I also had the same issue while using http://www.mocky.io/ what i did is to add in mock.io response header: Access-Control-Allow-Origin *

To add it there just need to click on advanced options

Once this is done, my application was able to retrieve the data from external domain.

Answer 11

I also encountered the same problem and passed the following way to solve this problem.

step 1:

$ npm install --save-dev http-proxy-middleware

step 2:

add a proxy when i fetch web api, if you use lite-server you can add a file bs-config.js .

//file: bs-config.js
var proxyMiddleware = require('http-proxy-middleware');

module.exports = {
    server: {
        middleware: {
            1: proxyMiddleware('/example-api', {
                target: 'http://api.example.com',
                changeOrigin: true,
                pathRewrite: {
                '^/news-at-api': '/api'
                }
            })
        }
    }
};

hope this helps.

Answer 12

You can read more about that from here: http://www.html5rocks.com/en/tutorials/cors/.

Your resource methods won't get hit, so their headers will never get set. The reason is that there is what's called a preflight request before the actual request, which is an OPTIONS request.
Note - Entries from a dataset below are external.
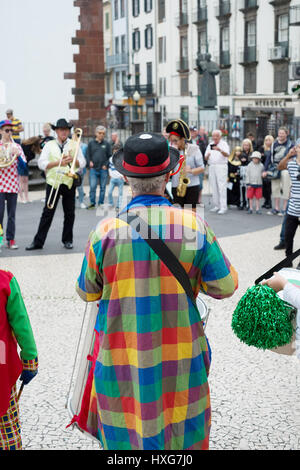 A musician in a  multi coloured coat playing in a street band in Funchal, Madeira Stock Photo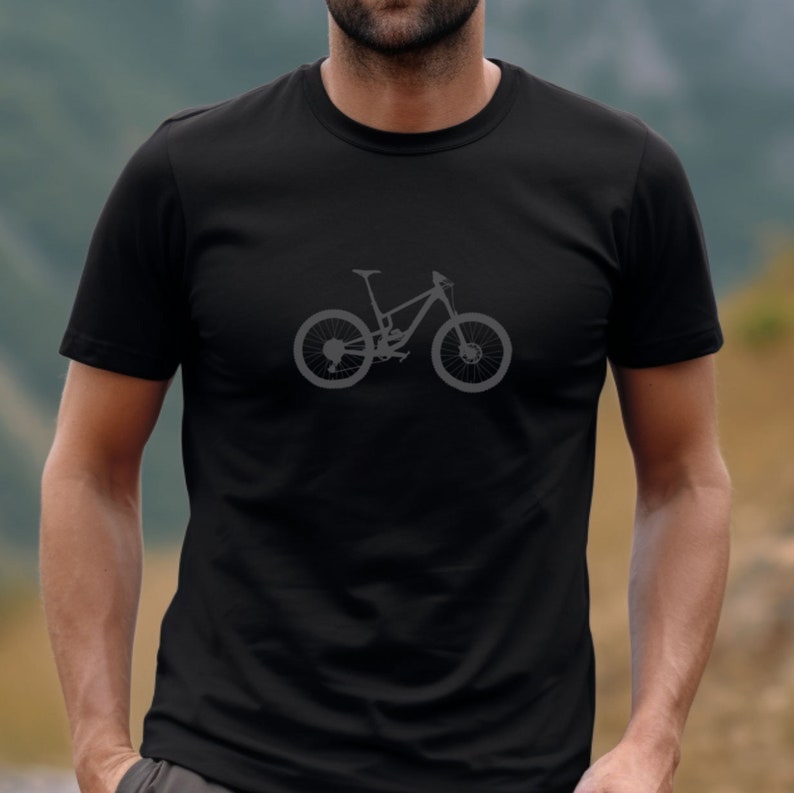 May include: Black t-shirt featuring a gray mountain bike graphic. The bicycle design is centered on the chest and includes details of the frame, wheels, and seat. The shirt is a crew neck style and appears to be made of a soft material.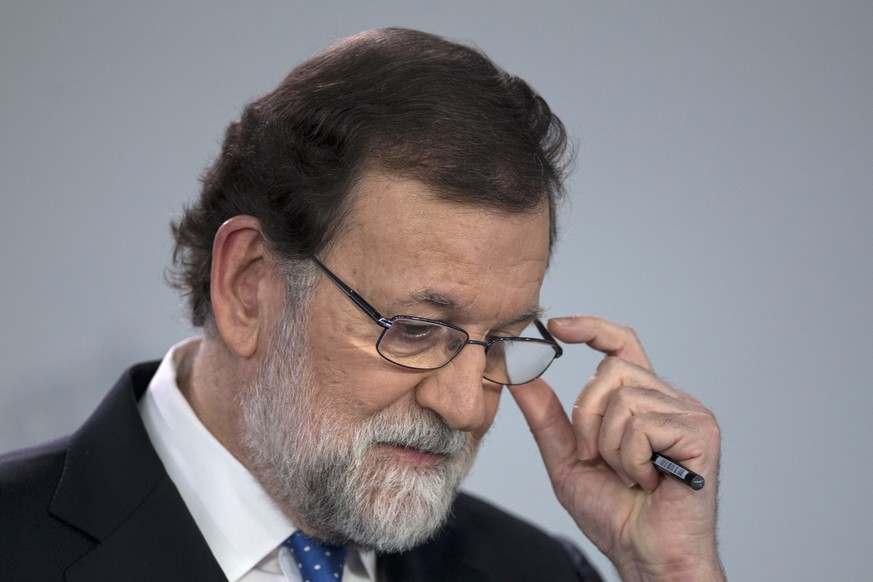 Spain&#039;s Prime Minister Mariano Rajoy pauses during a news conference in Madrid, Spain, Friday, Dec. 22, 2017. Catalonia&#039;s secessionist parties won enough votes Thursday to regain a slim majo ...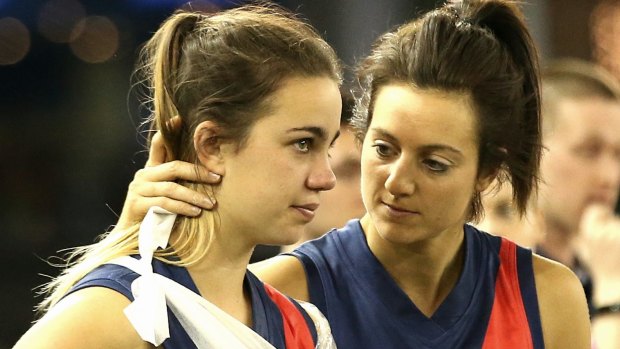 Heartache: an injured Chloe Molloy (left) is consoled by Steph Chiocci.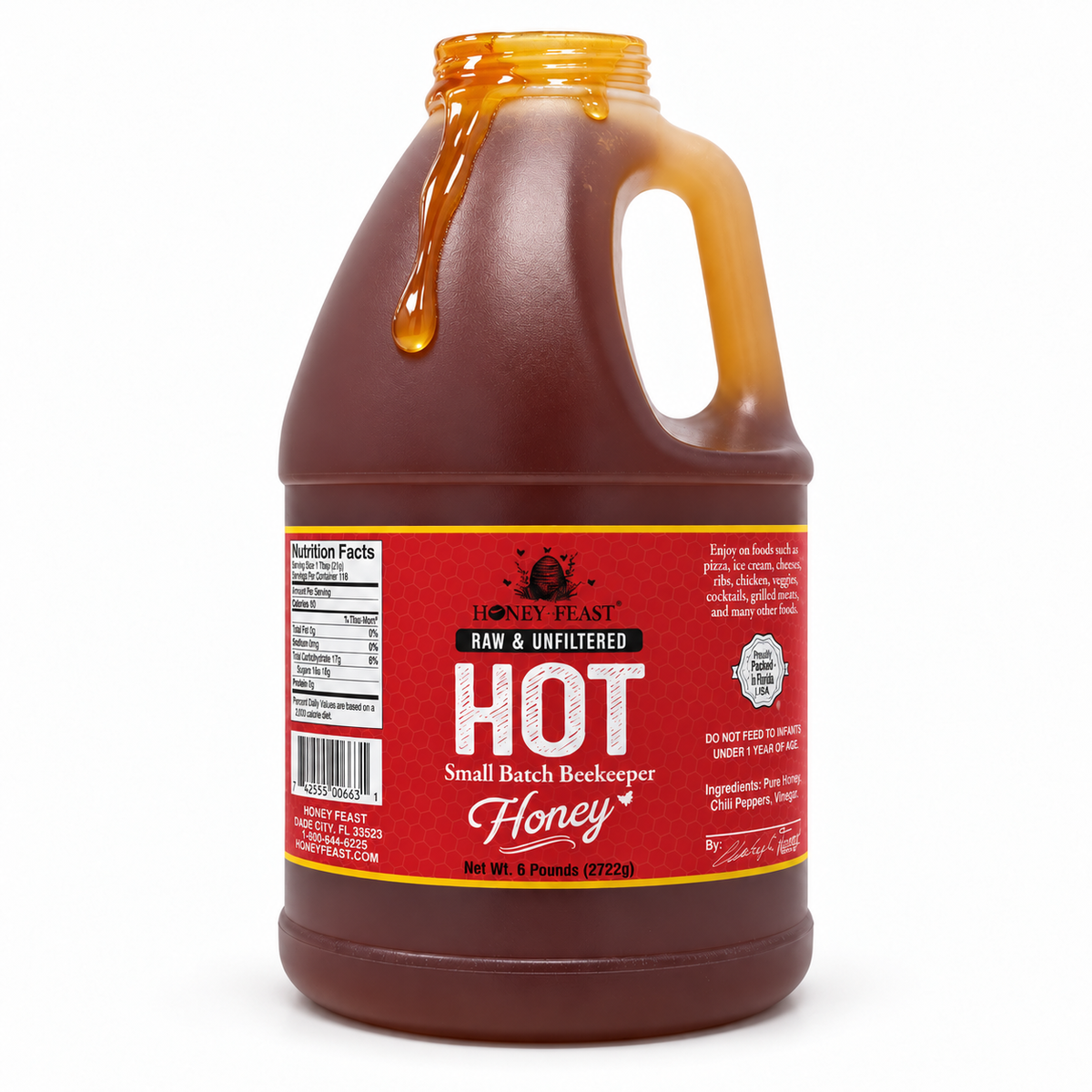 Honey Feast Hot 6lb bulk honey in a frosted HDPE plastic jug with the handle on the right, with honey dripping over the open rim on a white background.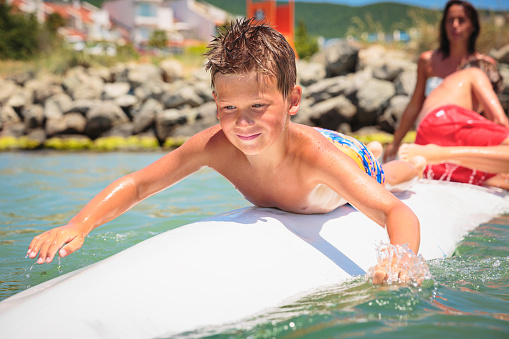 Cheerful teenage boy lying on a swimming board. Happy european family having fun floating on a swim board in the sea on a hot summer day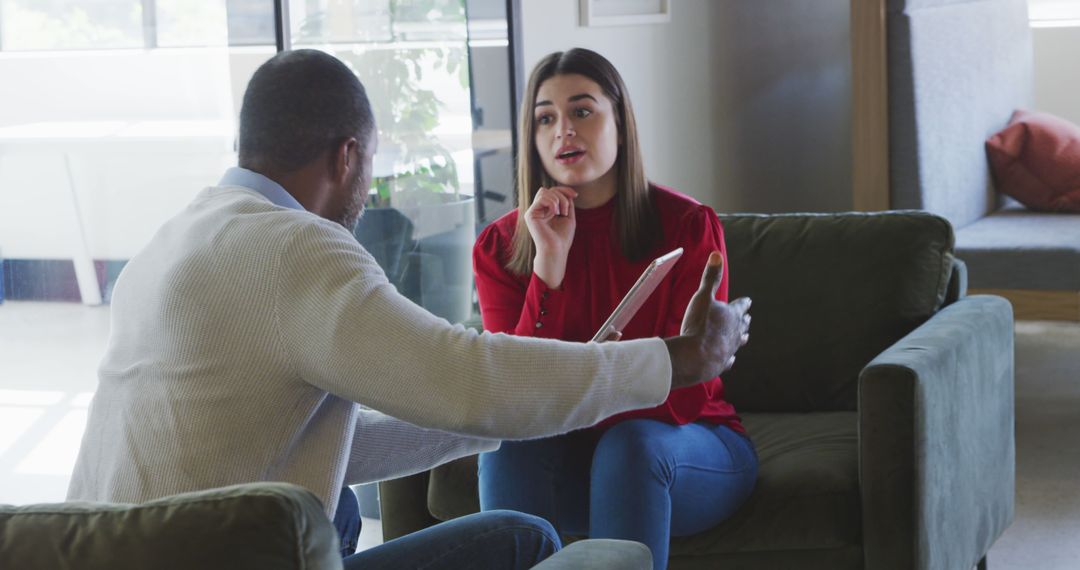 Diverse Team Engaging in Serious Discussion at Home Lounge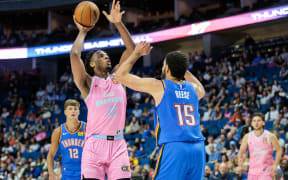 The Breakers Freddie Gillespie #33 shoots over the Thunder's Alex Reese #15 on October 10, 2024 in Tulsa, Oklahoma.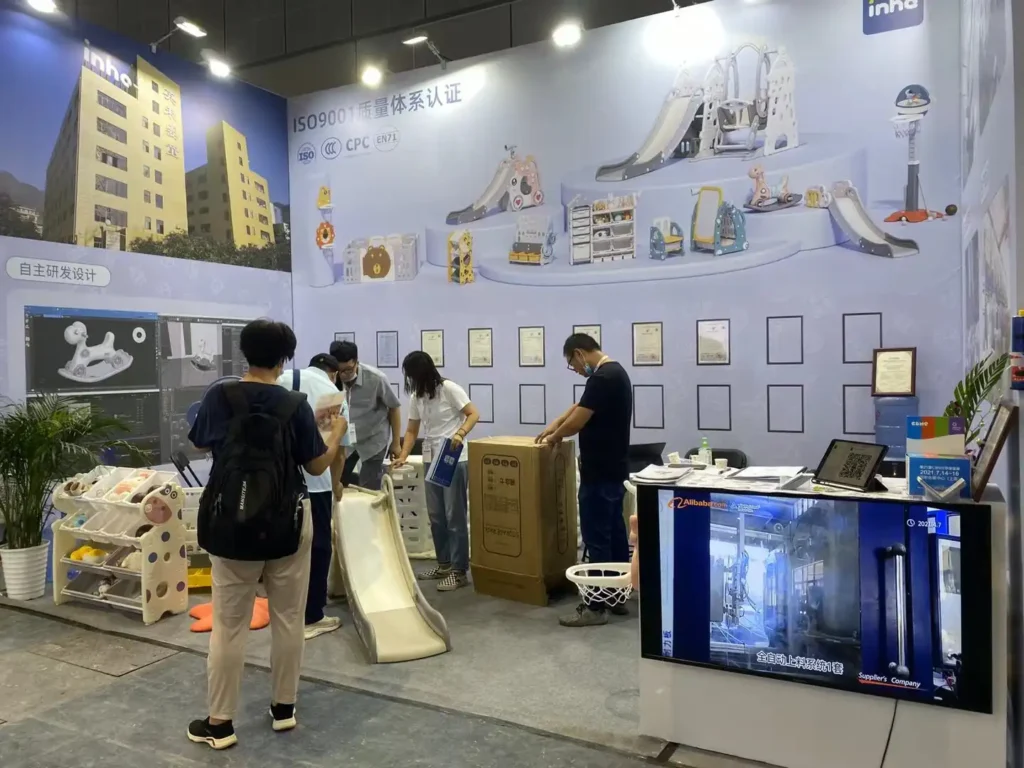 A busy view of the Inhe booth at CBME showing children's indoor slides, organizer racks, a boxed package, and a digital monitor playing factory manufacturing videos.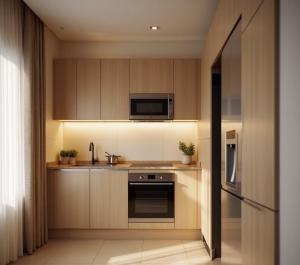 アダナにあるAdn Penta Apartのシンクと電子レンジ付きのキッチン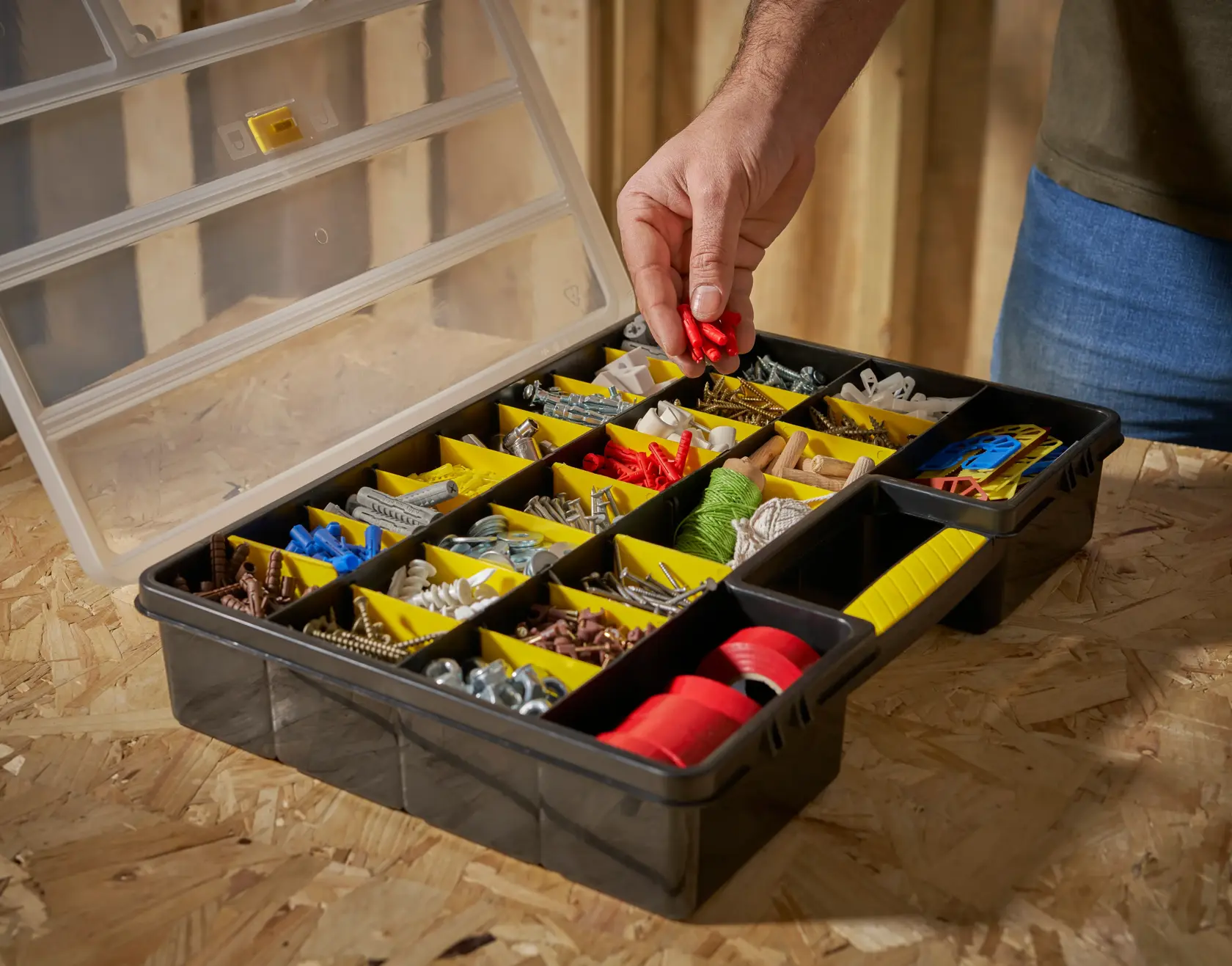 STANLEY 1-92-762 organizer box with yellow dividers, filled with assorted hardware, photo from above.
So the error comes from the fact that the preflight request doesn't produce the necessary headers. check that you will need to add following in your .htaccess file:

Header set Access-Control-Allow-Origin "*"

Answer 13

Unfortunately, that's not an Angular2 error, that's an error your browser is running into (i.e. outside of your app).

That CORS header will have to be added to that endpoint on the server before you can make ANY requests.